Soter: ‘Huge appetite to change Chapter 70 funding formula’
First-year rep.talks potential overhaul with school officials from Blackstone, Millville
BLACKSTONE — Freshman state Rep. Michael Soter (R-Bellingham) told a gathering of town and school officials from Blackstone and Millville Wednesday that bipartisan momentum is gathering on Beacon Hill to overhaul the state’s school funding formula.
“There is a huge appetite to change the Chapter 70 funding formula,” Soter said at a meeting of the Blackstone-Millville Region- al School District Committee, which held a round table discussion on the upcoming school budget with members of the Boards of Selectmen and Finance Committees from the two towns.
Soter of Bellingham, who was elected in November to the 8th Worcester District state representative seat – which represents Bellingham, Blackstone, Millville and Uxbridge – told the gathering that both Gov. Charlie
Baker and the Legislature are committed to taking another look at overhauling the funding formula.
Chapter 70 is the common name for state aid distributed to schools throughout Massachusetts. The money is distributed to school districts based on set funding formulas. Through the annual budget process the state Legislature and the governor set the overall amount of Chapter 70 funds, but the specific distribution to individual school districts (the apportionment) is determined by formula and is non-discretionary.
At its core the Chapter 70 formula is based on something called the Foundation Budget, which is designed to be a “model school budget” that quantafies the minimum level of funding for each school district. The goal of the formula is to ensure that every district has sufficient resources to meet its Foundation Budget spending level, through a combination of local property taxes and state aid.
The state’s foundation budget exists to create a sense of equity across the Commonwealth. However, the communities funded at or below 100 percent – those being asked to do more with less – struggle to provide the key components of a strong education as compared to the wealthier communities in Massachusetts who have the ability and means to fund their schools at a much higher percentage.

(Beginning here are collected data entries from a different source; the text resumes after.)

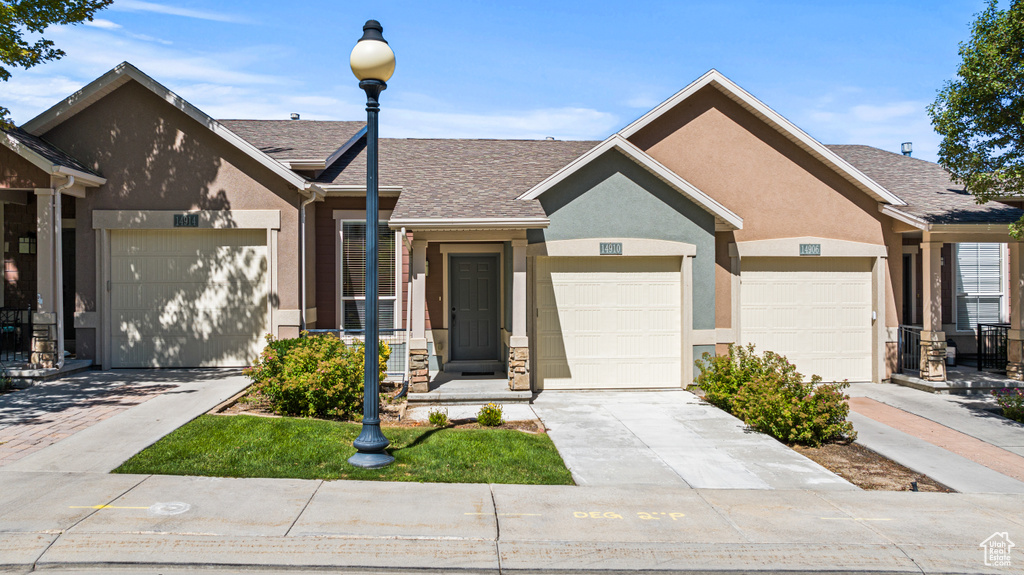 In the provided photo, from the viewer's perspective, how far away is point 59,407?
9.27 meters

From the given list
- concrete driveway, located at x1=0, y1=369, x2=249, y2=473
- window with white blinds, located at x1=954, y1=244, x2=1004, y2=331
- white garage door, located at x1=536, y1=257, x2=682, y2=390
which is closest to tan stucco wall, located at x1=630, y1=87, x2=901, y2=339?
white garage door, located at x1=536, y1=257, x2=682, y2=390

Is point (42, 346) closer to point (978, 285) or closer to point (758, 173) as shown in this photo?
point (758, 173)

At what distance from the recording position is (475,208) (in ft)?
37.6

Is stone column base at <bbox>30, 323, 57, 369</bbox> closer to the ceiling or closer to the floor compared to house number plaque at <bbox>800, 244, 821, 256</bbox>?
closer to the floor

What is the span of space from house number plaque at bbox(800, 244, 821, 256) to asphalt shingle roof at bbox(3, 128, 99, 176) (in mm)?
13711

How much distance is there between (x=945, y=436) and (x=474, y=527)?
7.65 metres

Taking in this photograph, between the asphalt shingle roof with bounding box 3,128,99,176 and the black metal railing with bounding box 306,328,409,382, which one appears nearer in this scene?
the asphalt shingle roof with bounding box 3,128,99,176

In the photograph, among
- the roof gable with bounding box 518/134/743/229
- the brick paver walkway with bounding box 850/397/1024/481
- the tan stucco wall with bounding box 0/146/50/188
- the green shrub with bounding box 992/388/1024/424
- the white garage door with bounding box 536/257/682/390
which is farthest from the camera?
the white garage door with bounding box 536/257/682/390

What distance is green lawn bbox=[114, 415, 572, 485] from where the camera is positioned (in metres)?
6.79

School officials in Blackstone, Uxbridge and Bellingham have been struggling under the formula for years, saying Chapter 70 education aid doesn’t address the increases in special education services; out-of-district transportation; contractual costs around salaries; health insurance increases; and the cost of technology.
Soter says the time has come to overhaul the formula once and for all.
“A huge majority of representatives and senators realize that Chapter 70 is antiquated and needs to catch up with the times,” he said. “Come April we are going to to start talking about the state budget and the biggest discussion we are having now is Chapter 70.”
Efforts to rewrite the formula collapsed at the end of the Legislature’s formal session last July, but Baker has signaled that he plans to revisit the issue and file a bill to rewrite the formula, a move that appears to have backing from House Speaker Robert A. DeLeo and Senate President Karen E. Spilka.
Groups including the Massachusetts Education Justice Alliance and the MTA last month joined forces as the Fund Our Future Coalition, calling for lawmakers to pass legislation in 2019 that would increase funding for public higher education by $500 million and public prekindergarten through grade 12 schools by $1 billion.
“This is a major issue in all of the towns I represent,” Soter said. “We need drastic change. Something has to give.”